Michoacán y Morelia, por encima de Sinaloa, segunda región del planeta donde más se cultiva la goma de opio. La primera es Afganistán. Esta zona y la que colinda con los más de 3 mil kilómetros de frontera, en gran parte desértica, entre México y EUA, es fuente de peligro latente; cicatriz que supura y no termina de cerrarse nunca.

Pero Tijuana, Ciudad Juárez, Nuevo Laredo, Reynosa y Matamoros, a la par que Morelia y Chilpancingo, son las cuencas que en vez de ojos, tiene el diablo. No el diablo inofensivo del cuento de las abuelas. El de verdad. El auténtico. La clave está en las carreteras, las oficiales y las clandestinas. Tijuana, que limita con San Diego, abre una arteria que es la interestatal 5; llega hasta Los Ángeles. Ciudad Juárez con El Paso, por la interestatal 25, que conecta con la 40. Matamoros, donde nace la ruta 77 que conecta con la interestatal 37, con destino final en Florida. Nuevo Laredo, donde inicia la vía para transporte de droga por Eagle Fort, sobre la interestatal 35, que arriba a Dallas, centro de distribución de estupefacientes al Medio Oeste de EUA.
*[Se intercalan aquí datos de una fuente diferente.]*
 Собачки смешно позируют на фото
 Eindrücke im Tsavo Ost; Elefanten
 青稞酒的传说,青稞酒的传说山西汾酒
Pienso en estas venas abiertas de la perversidad en ruedas, mientras se estrella la tormenta contra el parabrisas del Jetta. Como penetrar en un túnel negro, sofocante pese a la intemperie. Nos sobrepasa un camión torton, de redilas, con rancheros armados con Ak-47. Trailers sin anuncios en sus cajas, muchos sin placas y recuerdo una verdad como la Biblia: la droga se traslada principalmente por vehículos pesados. Un tránsito de carga que arroja 5 mil millones de dólares al año;  carga que las aduanas norteamericanas no pueden (o no quieren) vigilar.
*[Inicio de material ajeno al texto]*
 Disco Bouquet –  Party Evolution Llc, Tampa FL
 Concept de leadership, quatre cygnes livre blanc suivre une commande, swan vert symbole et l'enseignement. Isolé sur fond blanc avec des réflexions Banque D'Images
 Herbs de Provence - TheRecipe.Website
Cruzamos el legendario Atlacomulco. Dormito por el cansancio de la madrugada. Y al final, Santa Fe, centro financiero de la Ciudad de México, sobre los basureros de la Megalópolis, que nos absorbe  con sus fauces desdentadas, luces coloridas en vez de dientes y un hedor colándose por las salidas de la calefacción, al interior del Jetta.

Ya libramos el campo minado hasta  alcanzar, con el alma en vilo, la capital de un país, ahogado en el estiércol del narcotráfico y el pesimismo más justificado.